(Source records)

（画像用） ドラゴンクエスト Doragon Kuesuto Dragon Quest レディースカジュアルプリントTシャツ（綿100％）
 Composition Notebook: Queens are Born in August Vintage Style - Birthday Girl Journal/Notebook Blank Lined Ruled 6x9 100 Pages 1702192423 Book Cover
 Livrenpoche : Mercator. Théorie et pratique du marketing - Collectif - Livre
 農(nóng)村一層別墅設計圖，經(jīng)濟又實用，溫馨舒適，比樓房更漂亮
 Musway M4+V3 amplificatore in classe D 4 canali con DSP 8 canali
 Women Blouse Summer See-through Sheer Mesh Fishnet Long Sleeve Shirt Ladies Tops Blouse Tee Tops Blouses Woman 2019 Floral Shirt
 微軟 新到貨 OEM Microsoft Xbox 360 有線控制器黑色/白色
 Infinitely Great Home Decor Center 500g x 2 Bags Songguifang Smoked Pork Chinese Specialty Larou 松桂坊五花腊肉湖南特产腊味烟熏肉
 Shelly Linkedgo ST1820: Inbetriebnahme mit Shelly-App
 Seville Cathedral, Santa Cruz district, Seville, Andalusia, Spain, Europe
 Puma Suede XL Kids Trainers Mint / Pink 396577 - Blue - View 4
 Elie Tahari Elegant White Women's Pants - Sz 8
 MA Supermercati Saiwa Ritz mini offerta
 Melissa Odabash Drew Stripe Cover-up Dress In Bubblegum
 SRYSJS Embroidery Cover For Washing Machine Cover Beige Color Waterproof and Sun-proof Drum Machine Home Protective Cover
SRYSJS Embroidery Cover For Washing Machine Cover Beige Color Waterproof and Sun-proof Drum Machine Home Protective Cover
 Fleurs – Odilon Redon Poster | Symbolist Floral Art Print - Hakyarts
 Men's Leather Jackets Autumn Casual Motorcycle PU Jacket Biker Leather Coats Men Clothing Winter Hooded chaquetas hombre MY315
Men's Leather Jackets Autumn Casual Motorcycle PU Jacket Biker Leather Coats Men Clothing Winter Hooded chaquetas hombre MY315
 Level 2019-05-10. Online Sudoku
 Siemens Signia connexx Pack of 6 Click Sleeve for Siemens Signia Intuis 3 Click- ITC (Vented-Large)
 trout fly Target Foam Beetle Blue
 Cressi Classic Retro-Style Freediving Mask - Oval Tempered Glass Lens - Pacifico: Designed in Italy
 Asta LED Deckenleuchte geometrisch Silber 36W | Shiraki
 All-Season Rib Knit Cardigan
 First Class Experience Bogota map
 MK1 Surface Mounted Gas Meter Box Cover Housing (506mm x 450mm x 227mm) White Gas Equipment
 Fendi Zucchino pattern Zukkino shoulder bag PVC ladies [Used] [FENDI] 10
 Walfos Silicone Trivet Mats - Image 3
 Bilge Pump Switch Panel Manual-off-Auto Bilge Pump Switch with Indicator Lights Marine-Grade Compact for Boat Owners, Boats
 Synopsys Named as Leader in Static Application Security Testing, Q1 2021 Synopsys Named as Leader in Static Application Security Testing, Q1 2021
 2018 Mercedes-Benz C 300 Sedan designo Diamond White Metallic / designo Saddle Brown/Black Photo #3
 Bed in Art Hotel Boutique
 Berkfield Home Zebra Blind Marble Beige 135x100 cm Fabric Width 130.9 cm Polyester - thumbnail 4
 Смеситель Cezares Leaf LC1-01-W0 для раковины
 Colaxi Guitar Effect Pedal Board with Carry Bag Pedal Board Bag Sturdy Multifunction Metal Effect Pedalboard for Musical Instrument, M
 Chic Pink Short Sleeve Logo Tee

## [Task directions]
The answer should be the entries, given again without a single difference.

## [Result of the task]
（画像用） ドラゴンクエスト Doragon Kuesuto Dragon Quest レディースカジュアルプリントTシャツ（綿100％）
 Composition Notebook: Queens are Born in August Vintage Style - Birthday Girl Journal/Notebook Blank Lined Ruled 6x9 100 Pages 1702192423 Book Cover
 Livrenpoche : Mercator. Théorie et pratique du marketing - Collectif - Livre
 農(nóng)村一層別墅設計圖，經(jīng)濟又實用，溫馨舒適，比樓房更漂亮
 Musway M4+V3 amplificatore in classe D 4 canali con DSP 8 canali
 Women Blouse Summer See-through Sheer Mesh Fishnet Long Sleeve Shirt Ladies Tops Blouse Tee Tops Blouses Woman 2019 Floral Shirt
 微軟 新到貨 OEM Microsoft Xbox 360 有線控制器黑色/白色
 Infinitely Great Home Decor Center 500g x 2 Bags Songguifang Smoked Pork Chinese Specialty Larou 松桂坊五花腊肉湖南特产腊味烟熏肉
 Shelly Linkedgo ST1820: Inbetriebnahme mit Shelly-App
 Seville Cathedral, Santa Cruz district, Seville, Andalusia, Spain, Europe
 Puma Suede XL Kids Trainers Mint / Pink 396577 - Blue - View 4
 Elie Tahari Elegant White Women's Pants - Sz 8
 MA Supermercati Saiwa Ritz mini offerta
 Melissa Odabash Drew Stripe Cover-up Dress In Bubblegum
 SRYSJS Embroidery Cover For Washing Machine Cover Beige Color Waterproof and Sun-proof Drum Machine Home Protective Cover
SRYSJS Embroidery Cover For Washing Machine Cover Beige Color Waterproof and Sun-proof Drum Machine Home Protective Cover
 Fleurs – Odilon Redon Poster | Symbolist Floral Art Print - Hakyarts
 Men's Leather Jackets Autumn Casual Motorcycle PU Jacket Biker Leather Coats Men Clothing Winter Hooded chaquetas hombre MY315
Men's Leather Jackets Autumn Casual Motorcycle PU Jacket Biker Leather Coats Men Clothing Winter Hooded chaquetas hombre MY315
 Level 2019-05-10. Online Sudoku
 Siemens Signia connexx Pack of 6 Click Sleeve for Siemens Signia Intuis 3 Click- ITC (Vented-Large)
 trout fly Target Foam Beetle Blue
 Cressi Classic Retro-Style Freediving Mask - Oval Tempered Glass Lens - Pacifico: Designed in Italy
 Asta LED Deckenleuchte geometrisch Silber 36W | Shiraki
 All-Season Rib Knit Cardigan
 First Class Experience Bogota map
 MK1 Surface Mounted Gas Meter Box Cover Housing (506mm x 450mm x 227mm) White Gas Equipment
 Fendi Zucchino pattern Zukkino shoulder bag PVC ladies [Used] [FENDI] 10
 Walfos Silicone Trivet Mats - Image 3
 Bilge Pump Switch Panel Manual-off-Auto Bilge Pump Switch with Indicator Lights Marine-Grade Compact for Boat Owners, Boats
 Synopsys Named as Leader in Static Application Security Testing, Q1 2021 Synopsys Named as Leader in Static Application Security Testing, Q1 2021
 2018 Mercedes-Benz C 300 Sedan designo Diamond White Metallic / designo Saddle Brown/Black Photo #3
 Bed in Art Hotel Boutique
 Berkfield Home Zebra Blind Marble Beige 135x100 cm Fabric Width 130.9 cm Polyester - thumbnail 4
 Смеситель Cezares Leaf LC1-01-W0 для раковины
 Colaxi Guitar Effect Pedal Board with Carry Bag Pedal Board Bag Sturdy Multifunction Metal Effect Pedalboard for Musical Instrument, M
 Chic Pink Short Sleeve Logo Tee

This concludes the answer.